The future, as depicted in "Moon," is utilitarian and familiar. Televisions are turned on and off by clapping. Hair is cut by Flowbee. Sentient computers use emoticons to convey feeling. Reruns of "Bewitched" still show up on TV. And big corporations cut corners at the expense of their employees.

This is the reality of Sam Bell, an employee of Lunar Industries Ltd., which has stationed him on the moon to oversee the mining of clean energy from moon rocks. He's been there for three years, a glorified janitor beaming power back to Earth. The planet's energy crisis has been solved, but there's still no technology to reverse cosmic loneliness.

Sam kills time by running on a treadmill, building a miniature model of his home town, watching TV and chatting with the base computer, Gerty, who drones soothingly about this or that. There's only two weeks before Sam's contract is up. Only two weeks before he can see his wife and child back on that green-blue orb up in the sky. Then he finds something on the surface of the moon that throws everything into doubt -- his job, his journey home, his own self and, tragically, the film's logic.

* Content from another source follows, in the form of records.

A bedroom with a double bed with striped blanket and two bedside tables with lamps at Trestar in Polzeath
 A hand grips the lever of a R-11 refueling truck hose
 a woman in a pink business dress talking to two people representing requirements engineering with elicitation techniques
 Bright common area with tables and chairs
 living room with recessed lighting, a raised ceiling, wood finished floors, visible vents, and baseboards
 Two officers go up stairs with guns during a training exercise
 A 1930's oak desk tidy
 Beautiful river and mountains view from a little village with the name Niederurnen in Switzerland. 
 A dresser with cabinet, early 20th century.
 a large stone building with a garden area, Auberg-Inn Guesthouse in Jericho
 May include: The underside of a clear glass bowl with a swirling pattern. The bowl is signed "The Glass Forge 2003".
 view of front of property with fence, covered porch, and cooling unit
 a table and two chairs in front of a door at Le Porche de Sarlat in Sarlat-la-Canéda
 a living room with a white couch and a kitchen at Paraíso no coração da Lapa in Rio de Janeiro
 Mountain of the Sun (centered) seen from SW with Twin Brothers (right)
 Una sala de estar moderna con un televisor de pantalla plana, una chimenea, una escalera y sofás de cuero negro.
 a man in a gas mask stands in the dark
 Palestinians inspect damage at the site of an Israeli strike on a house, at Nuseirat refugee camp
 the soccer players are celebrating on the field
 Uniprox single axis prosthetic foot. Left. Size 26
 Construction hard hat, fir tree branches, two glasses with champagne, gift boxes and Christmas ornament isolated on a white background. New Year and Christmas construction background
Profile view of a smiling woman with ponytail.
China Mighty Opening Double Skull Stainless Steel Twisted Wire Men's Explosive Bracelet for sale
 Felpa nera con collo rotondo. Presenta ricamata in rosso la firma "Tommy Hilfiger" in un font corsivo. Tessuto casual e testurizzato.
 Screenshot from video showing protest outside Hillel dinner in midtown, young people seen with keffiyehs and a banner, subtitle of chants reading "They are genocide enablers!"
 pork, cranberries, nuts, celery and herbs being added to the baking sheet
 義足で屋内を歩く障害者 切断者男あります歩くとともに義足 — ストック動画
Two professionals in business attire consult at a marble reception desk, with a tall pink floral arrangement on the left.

"Moon," a moody sci-fi morsel, has the right look, the right sound and the right feel. Everything's a dusky white. The interior walls of the mining base are the same hue as the granular surface outside, which is reflected in the pallor of Sam's face. A man is living on the moon, but he's more a blue-collar Joe than a Captain Picard, and the day-to-day technology is believably pedestrian (breakfast is beans in a bag). Clint Mansell, the best film score composer at work, uses a gorgeous, repetitive piano arpeggio to italicize the workaday monotony. Actor Sam Rockwell, as Sam, has the aw-shucks charisma to carry a movie entirely on his own, and director Duncan Jones demonstrates deftness within the confines of one monochromatic set.

But storywise, "Moon" fails to live up to the promise of its premise. There's plenty of atmosphere, but little gravity.

It's impossible to write about its failures without revealing more of the plot, so let's start with a twist that has already been exposed in the film's trailer: Sam's discovery on the lunar surface is a doppelganger of himself, unconscious in the wreckage of a vehicle crash from which he himself had previously escaped (or did he?). Suddenly, after an epoch of loneliness, Sam has company. And it's himself. Each Sam believes he's the real thing.

Watching Rockwell share scenes with himself is a pleasure, and that's almost enough to compensate for the film's diminishing returns. At one point, the two Sams reminisce about meeting their wife, and it's here that "Moon" comes closest to the movie it could have been. Maybe Sam, lost in his own isolation, has gone mad. Maybe his psyche has splintered. Maybe this man's outer-space environment throws him into a rabbit hole inside himself.

These are compelling notions to ponder, but only for the first half of the movie. Screenwriter Nathan Parker's explanation for Sam's doppelganger is too mundane, doesn't entirely make sense and comes too quickly. It sucks the wind out of the movie.

Existentialism in space is not a new frontier, and it's because of the legacy of "2001: A Space Odyssey" and "Solaris" that we expect so much from "Moon." Jones borrows tones from these movies. Gerty, voiced by Kevin Spacey, seems like a beta version of HAL 9000; Sam's humanity and love for his family become more phantom after the doppelganger shows up.

But the explanation for the film's central mystery narrows its scope significantly. What could've been an intimate, industrial companion to the pristine, astro-existential epics of Stanley Kubrick and Andrei Tarkovsky -- Who are we? What is real? What do science and the cosmos have to do with it? -- is instead an all-too-literal drama about the worst job in the solar system.

Moon (97 minutes, at ) is rated R for language.